This is a Proteomics Data Analysis Platform built with Streamlit that provides comprehensive tools for analyzing protein expression data. The application allows researchers to upload proteomics datasets (CSV/Excel format), perform statistical analysis, and generate interactive visualizations. The platform is designed to handle common proteomics workflows including data preprocessing, normalization, statistical comparisons between experimental conditions, and advanced visualization techniques like heatmaps, PCA plots, and hierarchical clustering.
Preferred communication style: Simple, everyday language.
The application uses Streamlit as the web framework, providing a reactive, single-page application interface. The main application (app.py) follows a modular design pattern where the UI components are organized with a sidebar for data upload and parameter configuration, and the main content area for analysis results and visualizations.
The system implements a modular, object-oriented architecture with three main utility classes:
- ProteomicsDataProcessor: Handles all data preprocessing operations including log transformation, normalization, scaling, and condition parsing from column headers
- StatisticalAnalyzer: Manages statistical computations including t-tests, Wilcoxon rank-sum tests, and multiple testing corrections
- ProteomicsVisualizer: Creates interactive visualizations using Plotly including heatmaps, PCA plots, and clustering dendrograms
The architecture uses session state management to maintain class instances across user interactions, ensuring data persistence during the analysis session.
The system follows a scientific data analysis pipeline approach:
- Data Ingestion: Supports CSV and Excel formats with automatic protein identification (first column as index)

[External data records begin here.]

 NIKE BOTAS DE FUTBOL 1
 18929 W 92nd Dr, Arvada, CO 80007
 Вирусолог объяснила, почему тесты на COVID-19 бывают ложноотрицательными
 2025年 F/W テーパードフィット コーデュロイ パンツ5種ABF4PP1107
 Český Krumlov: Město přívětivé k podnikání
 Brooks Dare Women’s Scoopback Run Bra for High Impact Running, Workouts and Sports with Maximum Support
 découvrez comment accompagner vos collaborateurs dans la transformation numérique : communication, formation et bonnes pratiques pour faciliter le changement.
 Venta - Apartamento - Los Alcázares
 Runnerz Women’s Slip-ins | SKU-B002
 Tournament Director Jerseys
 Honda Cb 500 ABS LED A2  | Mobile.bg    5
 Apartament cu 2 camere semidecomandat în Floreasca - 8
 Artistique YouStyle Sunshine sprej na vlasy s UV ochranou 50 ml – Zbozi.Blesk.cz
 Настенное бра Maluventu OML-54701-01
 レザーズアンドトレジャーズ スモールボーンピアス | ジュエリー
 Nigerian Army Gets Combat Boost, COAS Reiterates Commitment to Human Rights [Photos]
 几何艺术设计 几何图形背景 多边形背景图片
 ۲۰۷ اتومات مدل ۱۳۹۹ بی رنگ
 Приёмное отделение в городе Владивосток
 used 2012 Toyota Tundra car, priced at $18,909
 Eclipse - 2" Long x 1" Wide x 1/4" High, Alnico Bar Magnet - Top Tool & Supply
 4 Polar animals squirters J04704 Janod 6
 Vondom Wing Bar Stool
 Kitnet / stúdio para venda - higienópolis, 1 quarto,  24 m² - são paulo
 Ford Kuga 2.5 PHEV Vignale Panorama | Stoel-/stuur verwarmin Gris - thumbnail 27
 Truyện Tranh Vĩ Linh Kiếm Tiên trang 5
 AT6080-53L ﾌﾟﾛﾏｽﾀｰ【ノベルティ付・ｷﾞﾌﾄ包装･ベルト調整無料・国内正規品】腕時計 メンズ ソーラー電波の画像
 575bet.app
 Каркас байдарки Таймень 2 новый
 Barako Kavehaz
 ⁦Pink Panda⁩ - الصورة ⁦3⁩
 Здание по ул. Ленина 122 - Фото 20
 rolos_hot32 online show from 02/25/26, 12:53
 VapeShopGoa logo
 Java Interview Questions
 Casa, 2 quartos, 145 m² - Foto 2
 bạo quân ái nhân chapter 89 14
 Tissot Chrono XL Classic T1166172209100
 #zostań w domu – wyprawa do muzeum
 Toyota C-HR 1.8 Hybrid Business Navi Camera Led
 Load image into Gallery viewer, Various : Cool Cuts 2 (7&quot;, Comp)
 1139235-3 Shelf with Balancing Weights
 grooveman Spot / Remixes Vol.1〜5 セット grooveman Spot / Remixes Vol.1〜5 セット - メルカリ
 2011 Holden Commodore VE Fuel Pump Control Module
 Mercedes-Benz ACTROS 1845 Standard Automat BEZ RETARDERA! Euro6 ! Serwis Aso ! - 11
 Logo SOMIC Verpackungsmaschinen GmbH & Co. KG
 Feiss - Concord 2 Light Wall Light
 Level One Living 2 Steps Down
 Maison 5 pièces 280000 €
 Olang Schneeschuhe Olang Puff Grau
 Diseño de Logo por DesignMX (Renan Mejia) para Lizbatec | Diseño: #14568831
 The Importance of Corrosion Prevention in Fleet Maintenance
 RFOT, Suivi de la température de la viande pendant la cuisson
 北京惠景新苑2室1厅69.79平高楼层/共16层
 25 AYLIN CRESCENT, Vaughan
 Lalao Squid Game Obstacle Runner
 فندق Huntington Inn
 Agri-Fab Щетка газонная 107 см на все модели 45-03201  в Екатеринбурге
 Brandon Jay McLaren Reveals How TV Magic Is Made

- Condition Parsing: Automatically extracts experimental conditions from column headers using the format
condition_replicate - Preprocessing: Implements standard proteomics preprocessing including log transformation, normalization, and scaling
- Statistical Analysis: Provides parametric (t-test) and non-parametric (Wilcoxon) testing options
- Visualization: Generates publication-ready interactive plots with clustering capabilities
- Frontend Framework: Streamlit for rapid web app development
- Data Processing: Pandas and NumPy for data manipulation
- Scientific Computing: SciPy for statistical tests, scikit-learn for preprocessing and dimensionality reduction
- Visualization: Plotly for interactive charts and graphs
- Machine Learning: UMAP and PCA for dimensionality reduction, hierarchical clustering for protein grouping
- streamlit: Web application framework for the user interface
- pandas: Data manipulation and analysis library for handling proteomics datasets
- numpy: Numerical computing library for array operations
- plotly: Interactive visualization library for creating charts and graphs
- scipy: Scientific computing library for statistical tests and clustering algorithms
- scikit-learn: Machine learning library for preprocessing, PCA, and clustering
- statsmodels: Statistical modeling library for multiple testing corrections
- umap-learn: UMAP algorithm for non-linear dimensionality reduction
The platform expects proteomics data in CSV or Excel format with:
- First column containing protein identifiers (used as row index)
- Subsequent columns following
condition_replicatenaming convention for automatic condition parsing - Numerical expression values in the data matrix
The application is designed to run entirely locally without requiring external APIs, databases, or cloud services. All computations are performed client-side using the uploaded data files.